It is not uncommon for PhD students to become ill. Diet, stress, problems sleeping, too much work. These all contribute to poor health. I’ve finally gotten sick, too, and it’s because of my PhD, but not in the way I expected.
It is also not uncommon for PhD students to change their case studies in mid-thesis. I finished Skyrim VR, and have already begun my formal work in No Man’s Sky, but my preliminary research into Colossal Cave Adventure has shown me that this is not going to be a good third case study, so instead I chose to learn more about Polybius, a video game arcade cabinet of singular archaeological interest. There’s a documentary film about the game as well as a host of conspiracy theories (listen to this podcast). I’d been down this road before with the Atari Burial Ground and felt reasonably confident that I would have repeat success.
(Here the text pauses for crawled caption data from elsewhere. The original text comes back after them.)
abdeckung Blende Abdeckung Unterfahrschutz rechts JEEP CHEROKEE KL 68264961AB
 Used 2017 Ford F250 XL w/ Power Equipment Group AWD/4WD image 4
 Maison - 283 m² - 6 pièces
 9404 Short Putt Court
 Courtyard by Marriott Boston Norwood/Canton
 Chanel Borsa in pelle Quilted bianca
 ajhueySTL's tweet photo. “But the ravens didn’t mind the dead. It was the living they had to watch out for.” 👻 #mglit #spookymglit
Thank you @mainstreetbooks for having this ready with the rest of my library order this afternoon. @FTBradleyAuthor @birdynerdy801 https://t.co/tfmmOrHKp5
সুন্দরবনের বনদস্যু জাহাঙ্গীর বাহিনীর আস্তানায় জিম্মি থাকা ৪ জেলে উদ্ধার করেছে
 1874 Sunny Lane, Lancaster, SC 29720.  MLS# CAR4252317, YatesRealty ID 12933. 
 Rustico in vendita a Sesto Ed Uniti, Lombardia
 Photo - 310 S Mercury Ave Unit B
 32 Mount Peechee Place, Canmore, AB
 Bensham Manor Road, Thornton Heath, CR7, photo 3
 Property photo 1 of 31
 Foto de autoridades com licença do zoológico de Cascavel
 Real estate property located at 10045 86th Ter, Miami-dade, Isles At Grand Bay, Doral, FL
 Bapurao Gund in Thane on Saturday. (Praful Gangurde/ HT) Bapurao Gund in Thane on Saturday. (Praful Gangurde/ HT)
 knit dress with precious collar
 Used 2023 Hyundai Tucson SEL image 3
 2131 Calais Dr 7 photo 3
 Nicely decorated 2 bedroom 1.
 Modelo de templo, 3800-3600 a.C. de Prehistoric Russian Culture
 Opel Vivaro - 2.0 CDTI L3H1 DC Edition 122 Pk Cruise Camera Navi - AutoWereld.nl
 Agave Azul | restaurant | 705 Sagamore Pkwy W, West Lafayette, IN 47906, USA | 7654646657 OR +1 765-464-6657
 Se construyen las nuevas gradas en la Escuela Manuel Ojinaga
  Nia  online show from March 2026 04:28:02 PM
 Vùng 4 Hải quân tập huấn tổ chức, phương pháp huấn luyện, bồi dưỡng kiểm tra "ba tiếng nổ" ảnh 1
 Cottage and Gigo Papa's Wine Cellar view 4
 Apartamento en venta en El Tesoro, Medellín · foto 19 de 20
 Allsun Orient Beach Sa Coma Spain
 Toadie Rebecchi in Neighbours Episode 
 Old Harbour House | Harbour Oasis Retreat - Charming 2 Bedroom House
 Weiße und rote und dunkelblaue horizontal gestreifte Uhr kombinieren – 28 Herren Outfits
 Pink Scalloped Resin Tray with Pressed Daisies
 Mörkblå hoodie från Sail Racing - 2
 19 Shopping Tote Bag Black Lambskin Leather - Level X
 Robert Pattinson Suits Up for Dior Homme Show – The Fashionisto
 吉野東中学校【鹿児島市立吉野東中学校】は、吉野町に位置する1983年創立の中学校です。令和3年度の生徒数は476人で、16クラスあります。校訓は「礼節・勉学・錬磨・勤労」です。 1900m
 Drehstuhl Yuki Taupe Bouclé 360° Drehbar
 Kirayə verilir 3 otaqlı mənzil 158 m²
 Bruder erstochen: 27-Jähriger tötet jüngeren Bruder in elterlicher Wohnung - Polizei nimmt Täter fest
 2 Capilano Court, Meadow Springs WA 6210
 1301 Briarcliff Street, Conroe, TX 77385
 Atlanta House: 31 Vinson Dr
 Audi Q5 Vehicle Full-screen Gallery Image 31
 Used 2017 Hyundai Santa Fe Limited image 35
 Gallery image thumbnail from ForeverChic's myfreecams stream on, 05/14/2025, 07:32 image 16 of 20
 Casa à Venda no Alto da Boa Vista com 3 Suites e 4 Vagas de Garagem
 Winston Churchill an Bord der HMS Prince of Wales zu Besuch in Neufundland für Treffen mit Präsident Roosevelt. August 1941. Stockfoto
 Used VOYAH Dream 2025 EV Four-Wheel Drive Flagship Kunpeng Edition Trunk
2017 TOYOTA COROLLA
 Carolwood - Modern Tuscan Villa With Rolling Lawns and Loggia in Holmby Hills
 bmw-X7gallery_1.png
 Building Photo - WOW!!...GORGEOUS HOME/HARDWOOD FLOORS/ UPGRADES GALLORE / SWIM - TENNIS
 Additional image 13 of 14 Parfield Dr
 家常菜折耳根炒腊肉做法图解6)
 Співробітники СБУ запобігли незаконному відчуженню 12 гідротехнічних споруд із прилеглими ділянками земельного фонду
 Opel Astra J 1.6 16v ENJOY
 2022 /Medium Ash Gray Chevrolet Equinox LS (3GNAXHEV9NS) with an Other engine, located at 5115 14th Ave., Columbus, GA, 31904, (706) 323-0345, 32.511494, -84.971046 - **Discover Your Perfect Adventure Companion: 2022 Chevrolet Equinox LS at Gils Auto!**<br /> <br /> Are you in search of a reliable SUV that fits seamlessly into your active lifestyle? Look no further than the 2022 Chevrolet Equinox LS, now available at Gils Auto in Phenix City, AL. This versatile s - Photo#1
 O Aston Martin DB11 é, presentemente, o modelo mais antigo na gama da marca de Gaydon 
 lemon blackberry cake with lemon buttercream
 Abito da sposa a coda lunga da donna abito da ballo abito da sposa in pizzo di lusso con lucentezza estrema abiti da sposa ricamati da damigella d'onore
For those who don’t know the story: Polybius was an arcade game created in 1981 presumably by the US government, and was placed in a couple of arcades in the Pacific Northwest. The game was addictive to play (as good games are), and soon players complained of falling ill (and worse). Two teenagers went missing after an extended session with the game. And then the cabinets disappeared, and no one has seen them since. But archaeologists are good detectives.
Through my connections at the Henry Ford Museum, the Strong National Museum of Play, and the Computer History Museum as well as Internet Archive and two movie prop houses in Manhattan (thanks to my work on a couple of abortive television projects on pop culture archaeology) and an Atari developer I met in New Mexico, I was able to connect the dots to locate three Polybius cabinets. I have included images below but need to keep the details secret for the time being. While I am usually open with my work, there is my health and safety to think about with this project, especially when one considers the fact that the US government actually was the developer here, and in all three cases. Two of the three cabinets are operational, but the third is missing its chip likely thanks to some intrepid MAME coder who never got around to finishing the emulator port of the game.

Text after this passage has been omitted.